Wednesday, 20 May 2009

Dendritic pyrolucite

Sometimes, when finding fossils in flaggy limestones, the bedding is subject to different forms of mineralization. This pterosaur fossil in the Natural History Museum, London, has a formation of black Manganese dioxide - MnO2 (Dendritic pyrolucite) forming crystal structures around the fossil bones. This is quite common in these Bavarian specimens, though they are not very frequently seen beyond the storage rooms of museums.

Pyrolucite - MnO2 is used in Zinc Oxide dry cell batteries as an oxidising agent. This is a stable compound formed in nature from unstable ions. It can be reduced to Manganese oxide MnO with the addition of Hydrogen.

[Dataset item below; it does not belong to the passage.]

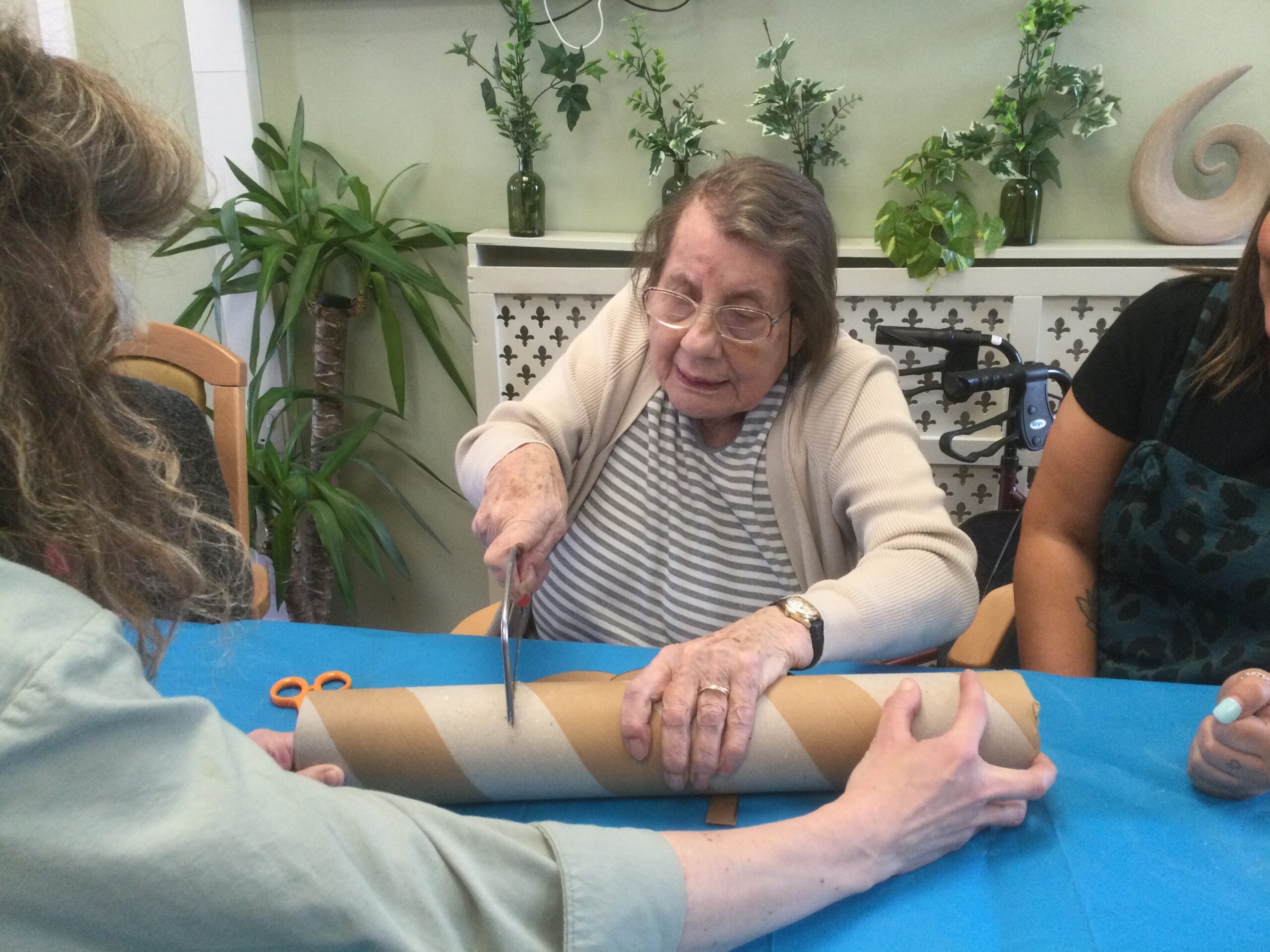 A woman seated at a table cutting through a cardboard tube whilst another person steadies it for her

In the Fossils, the dendrites of Pyrolucite grow away from the fossil bones, along the bedding plane of the sediment, forming a fern like pattern on the rock. The crystals are orthorhombic in form and have a hardness of 2. Excessive contact will result in staining to the fingers and the mineral has a streak colour like graphite. This crystal formation is a result of ions carried in water which is forced through the sedimentary beds during the later stages of rock formation. The fluid is forced through the rock bedding planes where it will deposit materials in cavities and structures within the rock. When the hardening sediments are under pressure stress, the areas around impurities, like fossils and hard mineral grains will form micro cavities within the nearby sediment which allows deposition of crystals. The dendritic solidification of MnO2 around the fossil is a reflection of the sedimentary stress patterns and this is seen as a series of frond like patterns emanating from the bones. Quite often, the deposition is greater on one side of the fossil, or in some cases near a small area or part of a fossil. The example shown in the photograph is an extreme case.